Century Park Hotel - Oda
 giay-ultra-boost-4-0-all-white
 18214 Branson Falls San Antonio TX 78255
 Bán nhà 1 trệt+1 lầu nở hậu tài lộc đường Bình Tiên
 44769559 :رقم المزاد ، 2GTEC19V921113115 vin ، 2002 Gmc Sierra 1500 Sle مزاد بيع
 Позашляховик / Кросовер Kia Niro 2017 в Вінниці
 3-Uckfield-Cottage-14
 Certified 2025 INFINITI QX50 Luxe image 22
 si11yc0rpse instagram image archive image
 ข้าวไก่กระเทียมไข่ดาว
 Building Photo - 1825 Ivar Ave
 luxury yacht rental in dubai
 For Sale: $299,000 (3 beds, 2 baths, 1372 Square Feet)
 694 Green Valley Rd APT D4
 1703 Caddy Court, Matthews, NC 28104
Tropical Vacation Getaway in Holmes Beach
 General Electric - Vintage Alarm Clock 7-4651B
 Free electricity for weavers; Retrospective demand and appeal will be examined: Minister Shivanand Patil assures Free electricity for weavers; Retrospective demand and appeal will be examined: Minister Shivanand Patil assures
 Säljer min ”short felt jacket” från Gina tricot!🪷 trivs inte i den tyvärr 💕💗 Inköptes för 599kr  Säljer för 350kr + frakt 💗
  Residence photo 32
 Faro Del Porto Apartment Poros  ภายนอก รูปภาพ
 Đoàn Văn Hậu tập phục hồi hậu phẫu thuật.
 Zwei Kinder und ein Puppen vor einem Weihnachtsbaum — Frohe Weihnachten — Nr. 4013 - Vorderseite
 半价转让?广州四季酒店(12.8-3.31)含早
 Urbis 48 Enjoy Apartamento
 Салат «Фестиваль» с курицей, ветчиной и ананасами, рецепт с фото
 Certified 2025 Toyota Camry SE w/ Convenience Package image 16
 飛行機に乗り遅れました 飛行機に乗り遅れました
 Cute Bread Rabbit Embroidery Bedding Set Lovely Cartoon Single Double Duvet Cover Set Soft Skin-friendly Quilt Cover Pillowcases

_ _ _

• Work order:
Take from the listing above each line containing "image".

• The answer:
 Certified 2025 INFINITI QX50 Luxe image 22
 si11yc0rpse instagram image archive image
 Certified 2025 Toyota Camry SE w/ Convenience Package image 16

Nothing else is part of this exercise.